DATA UNDER STUDY.
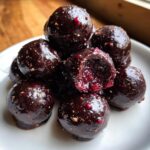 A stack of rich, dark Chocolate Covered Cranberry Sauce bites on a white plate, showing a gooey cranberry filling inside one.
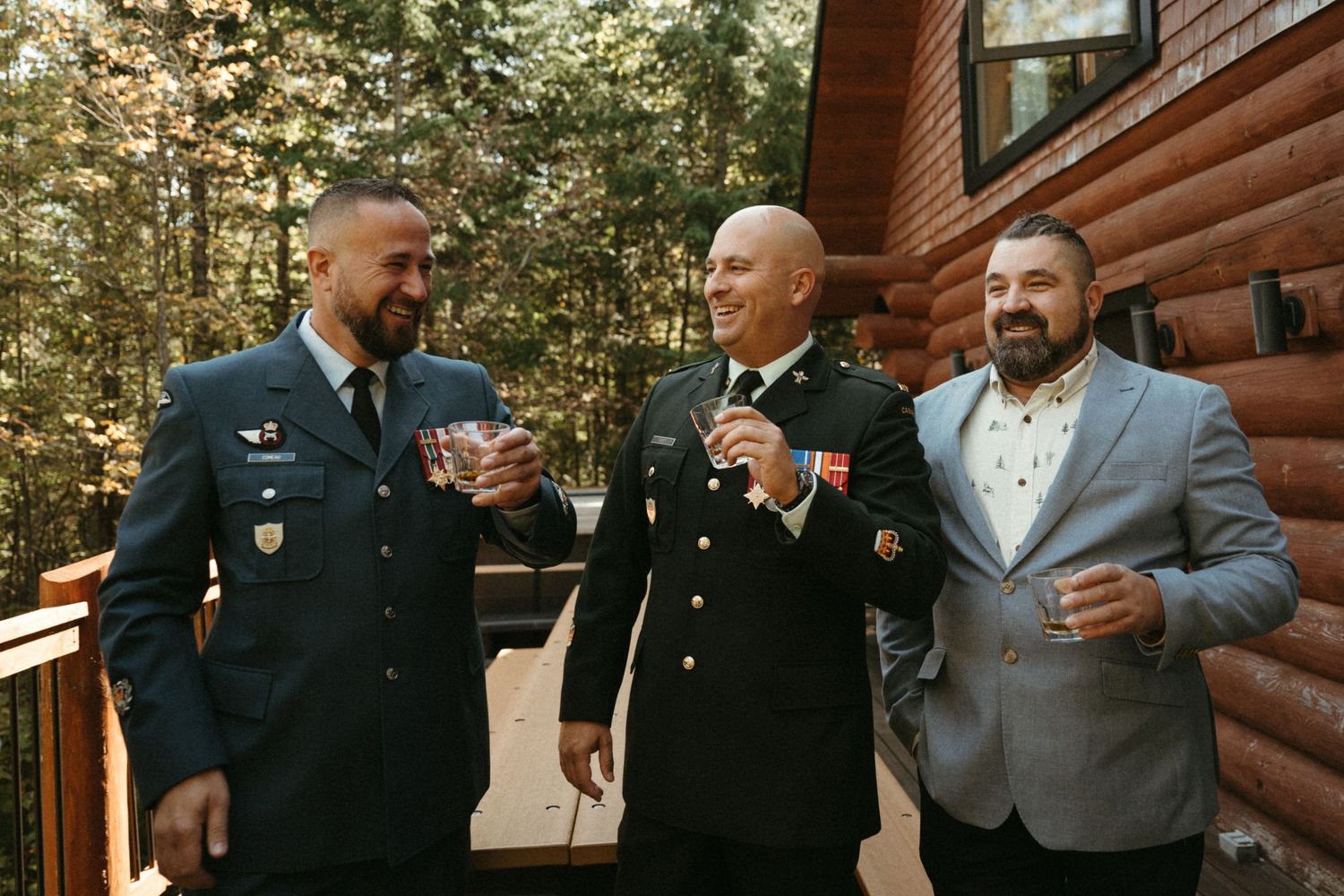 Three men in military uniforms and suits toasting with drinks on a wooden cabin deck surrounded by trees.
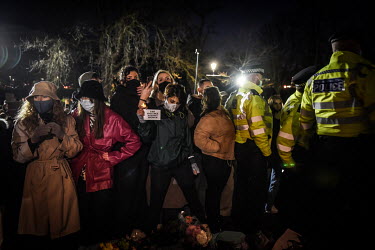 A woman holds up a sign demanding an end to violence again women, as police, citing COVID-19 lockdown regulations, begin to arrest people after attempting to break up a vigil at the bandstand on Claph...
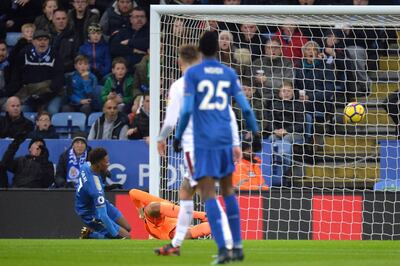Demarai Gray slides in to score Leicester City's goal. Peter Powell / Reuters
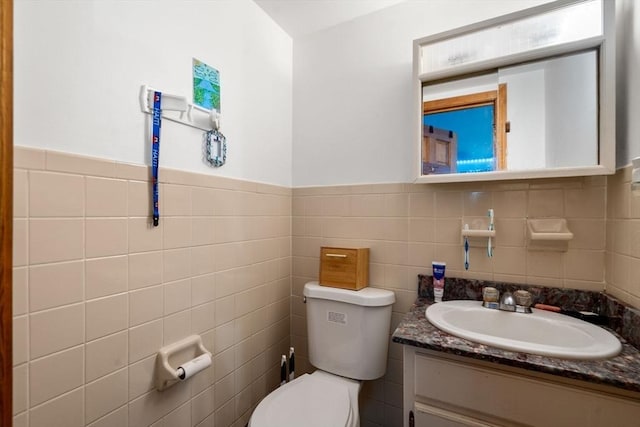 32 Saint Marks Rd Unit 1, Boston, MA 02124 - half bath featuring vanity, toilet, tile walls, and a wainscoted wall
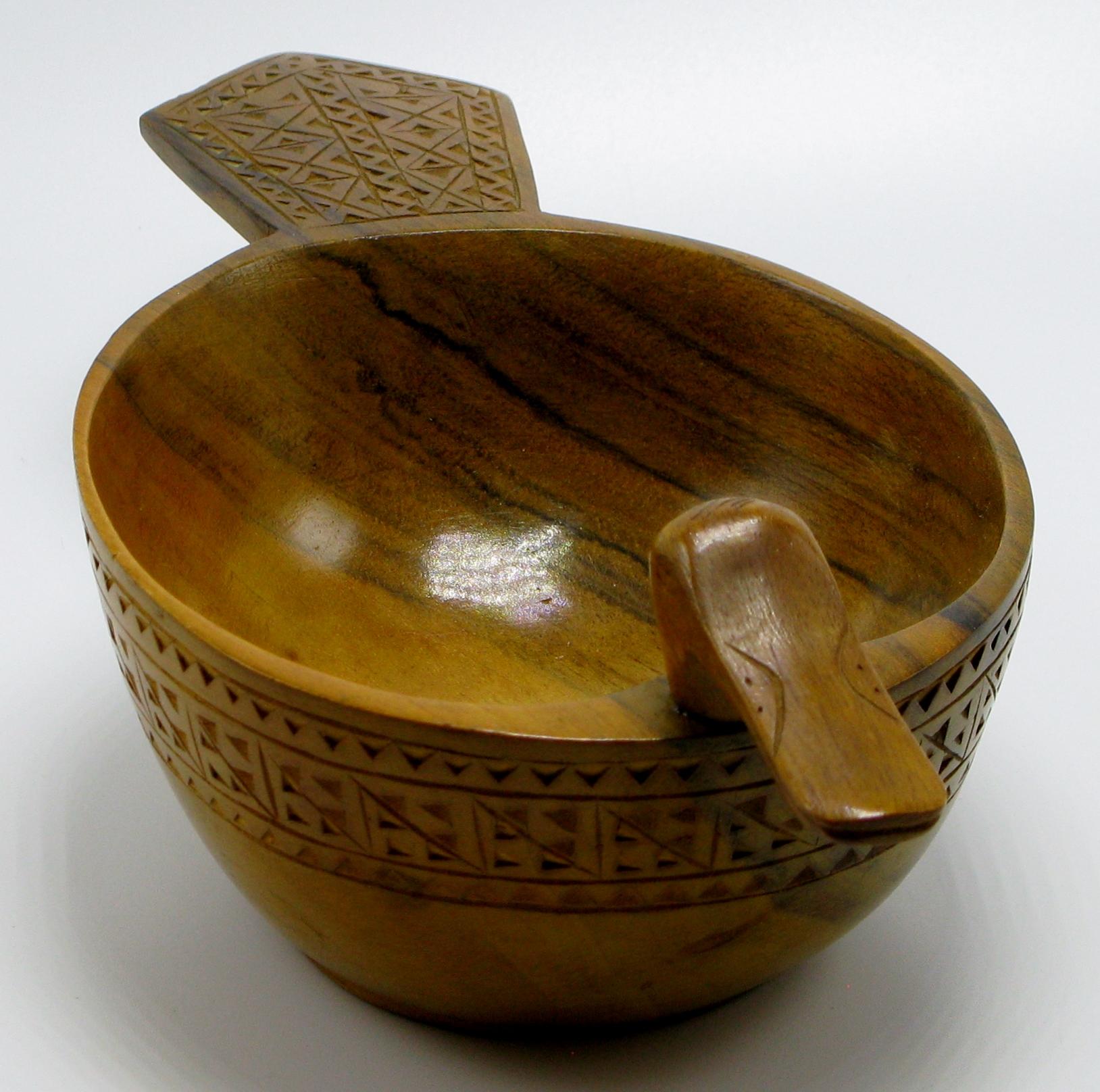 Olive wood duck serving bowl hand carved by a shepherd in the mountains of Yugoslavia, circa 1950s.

TASK TO CARRY OUT. The output should be the material above, copied exactly, without its pictures.

ANSWER TO THE EXERCISE.
 A stack of rich, dark Chocolate Covered Cranberry Sauce bites on a white plate, showing a gooey cranberry filling inside one.
 Three men in military uniforms and suits toasting with drinks on a wooden cabin deck surrounded by trees.
 A woman holds up a sign demanding an end to violence again women, as police, citing COVID-19 lockdown regulations, begin to arrest people after attempting to break up a vigil at the bandstand on Claph...
Demarai Gray slides in to score Leicester City's goal. Peter Powell / Reuters
 32 Saint Marks Rd Unit 1, Boston, MA 02124 - half bath featuring vanity, toilet, tile walls, and a wainscoted wall
 Olive wood duck serving bowl hand carved by a shepherd in the mountains of Yugoslavia, circa 1950s.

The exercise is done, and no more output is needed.